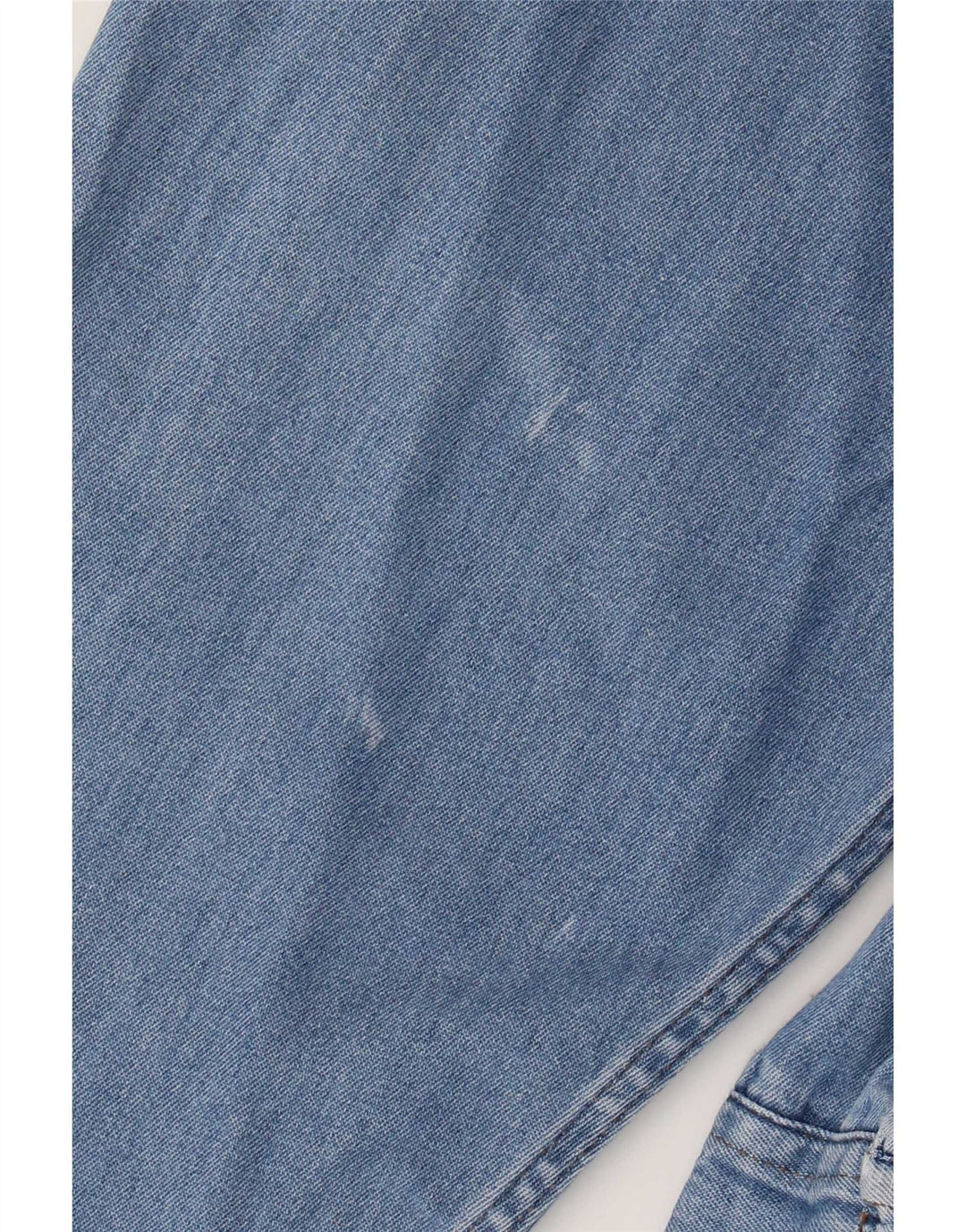 Camisa vaquera vintage para hombre algodón azul grande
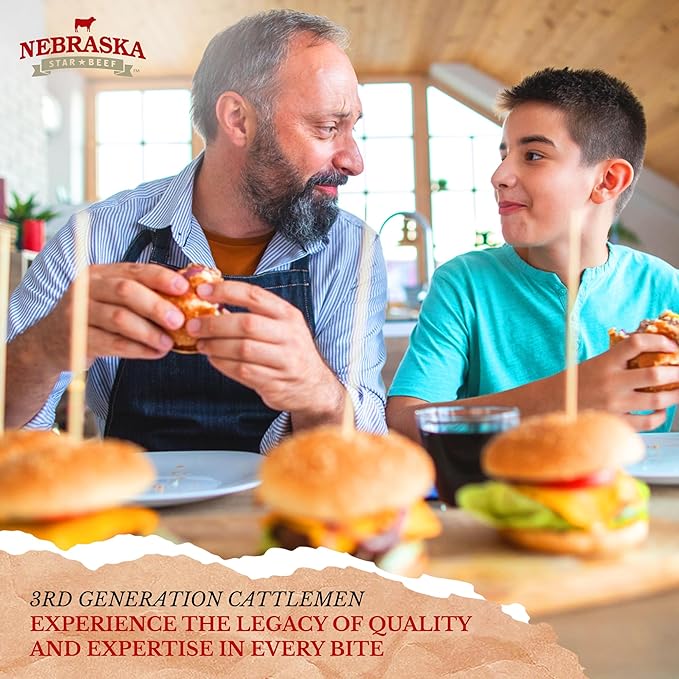 Nebraska Star Beef Angus Ground Beef (10-1lb packages) -Prestige, ground beef, frozen hamburger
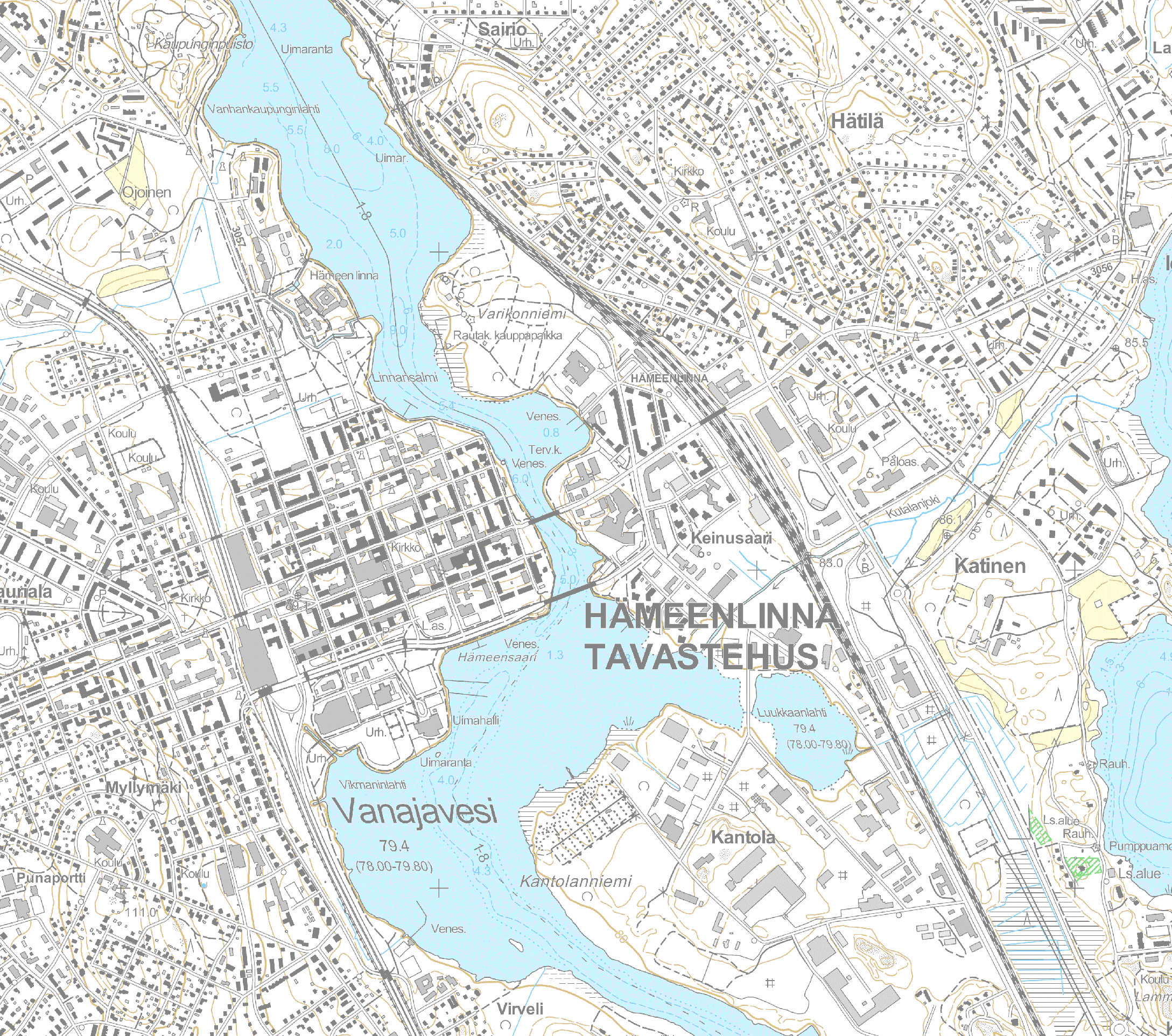 W:\1388\YIT\1510019903_Hämeenlinna Asemanseutu maaperätutkimus\piirustukset\1510019903_1_yleiskartta.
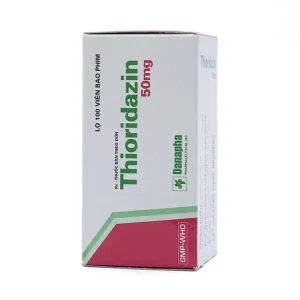 Thuốc Thioridazin 50mg Danapha điều trị bệnh tâm thần phân liệt (100 viên)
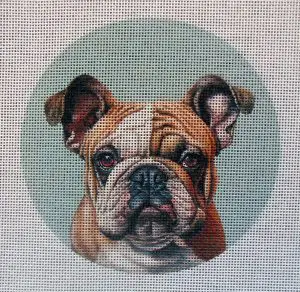 Bulldog Needlepoint Canvas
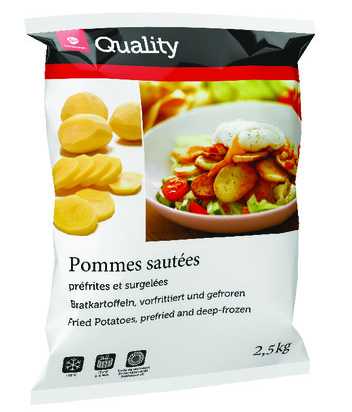 Pomme sautée rondelle (2.5Kg x4) - mdd - Surgelé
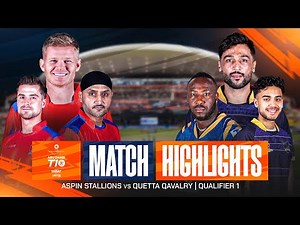 2025 Abu Dhabi T10 I Match 29 Highlights: Qualifier 1 Quetta Qavalry vs Aspin Stallions | Season 9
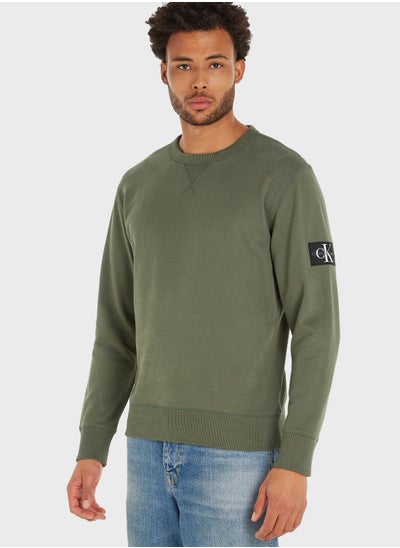 Buy Logo Crew Neck Sweatshirt in UAE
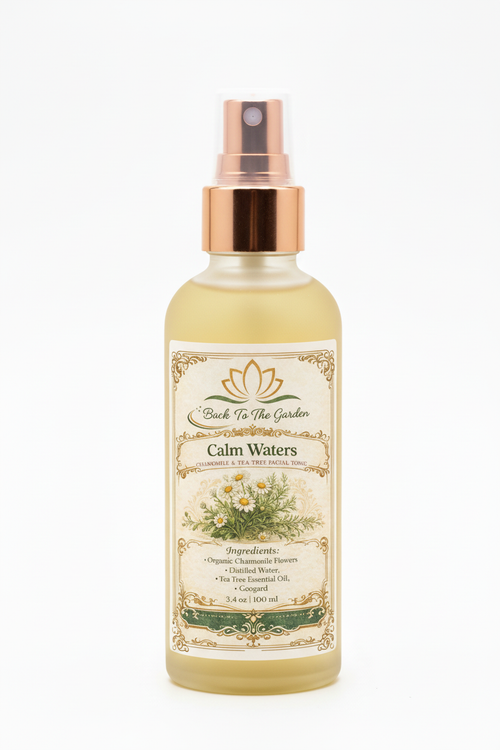 Calm Waters Chamomile Tea Tree Facial Tonic - Balancing natural face toner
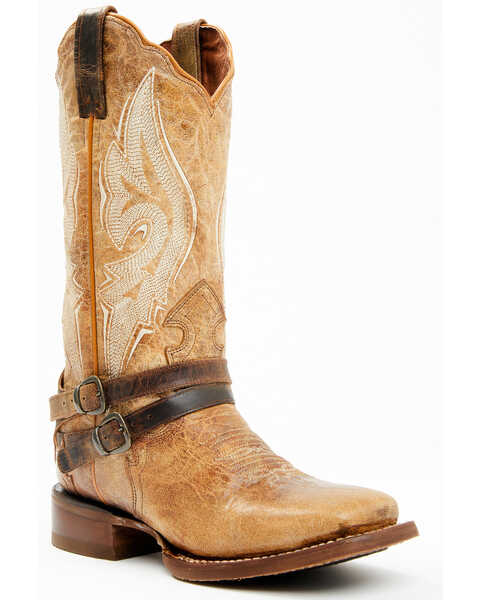 Image #1 - Dan Post Women's Vada Western Boots - Broad Square Toe, Honey, hi-res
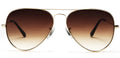 Samba Shades Unisex Classic Aviator Sunglasses Brown Frame Brown Lens - Glen & Ivy Sky Inspired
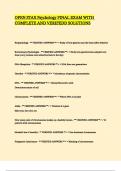 OPEN STAX Psychology FINAL EXAM WITH COMPLETE AND VERIFEDD SOLUTIONS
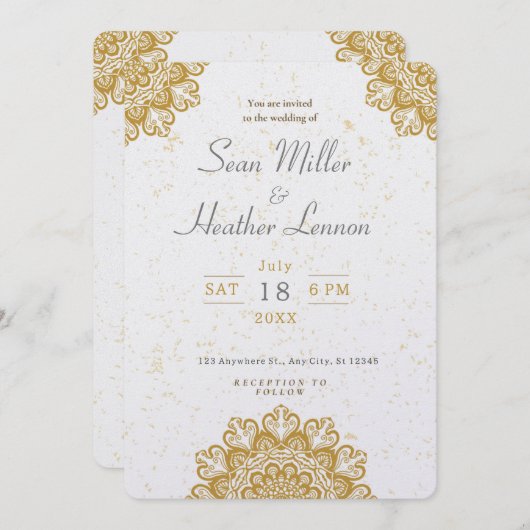 FACILE ! Faire-part de mariage - Ajouter vos détai (Devant / Derrière)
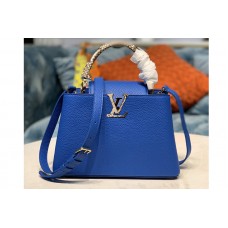 Louis Vuitton N98387 LV Capucines BB Handbag in Royal Blue Taurillon Leather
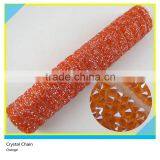 24*40 cm Crystal Strass Glue Roll Sheets For Decoration Light Gold Plastic Heart thumbnail-2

■ ■ ■ ■

**What to do**
Write out the data precisely as given, excluding the pictures.

**Answer area**
 Camisa vaquera vintage para hombre algodón azul grande
 Nebraska Star Beef Angus Ground Beef (10-1lb packages) -Prestige, ground beef, frozen hamburger
 W:\1388\YIT\1510019903_Hämeenlinna Asemanseutu maaperätutkimus\piirustukset\1510019903_1_yleiskartta.
 Thuốc Thioridazin 50mg Danapha điều trị bệnh tâm thần phân liệt (100 viên)
 Bulldog Needlepoint Canvas
 Pomme sautée rondelle (2.5Kg x4) - mdd - Surgelé
 2025 Abu Dhabi T10 I Match 29 Highlights: Qualifier 1 Quetta Qavalry vs Aspin Stallions | Season 9
 Buy Logo Crew Neck Sweatshirt in UAE
 Calm Waters Chamomile Tea Tree Facial Tonic - Balancing natural face toner
 Image #1 - Dan Post Women's Vada Western Boots - Broad Square Toe, Honey, hi-res
 Samba Shades Unisex Classic Aviator Sunglasses Brown Frame Brown Lens - Glen & Ivy Sky Inspired
 OPEN STAX Psychology FINAL EXAM WITH COMPLETE AND VERIFEDD SOLUTIONS
 FACILE ! Faire-part de mariage - Ajouter vos détai (Devant / Derrière)
 Louis Vuitton N98387 LV Capucines BB Handbag in Royal Blue Taurillon Leather
 24*40 cm Crystal Strass Glue Roll Sheets For Decoration Light Gold Plastic Heart thumbnail-2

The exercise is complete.